BEGIN LISTED ENTRIES

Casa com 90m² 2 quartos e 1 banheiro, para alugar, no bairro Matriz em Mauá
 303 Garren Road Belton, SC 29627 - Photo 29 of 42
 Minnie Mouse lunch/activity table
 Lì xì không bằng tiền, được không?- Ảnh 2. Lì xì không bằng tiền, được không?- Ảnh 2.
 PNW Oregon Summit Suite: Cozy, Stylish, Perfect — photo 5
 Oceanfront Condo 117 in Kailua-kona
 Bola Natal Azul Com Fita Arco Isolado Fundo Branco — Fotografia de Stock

END LISTED ENTRIES

• **YOUR TASK**
At the line containing "Minnie Mouse lunch/activity table", start transcribing exactly, and continue through the last line of the listing. Stop there and add nothing.

• **REPLY**
 Minnie Mouse lunch/activity table
 Lì xì không bằng tiền, được không?- Ảnh 2. Lì xì không bằng tiền, được không?- Ảnh 2.
 PNW Oregon Summit Suite: Cozy, Stylish, Perfect — photo 5
 Oceanfront Condo 117 in Kailua-kona
 Bola Natal Azul Com Fita Arco Isolado Fundo Branco — Fotografia de Stock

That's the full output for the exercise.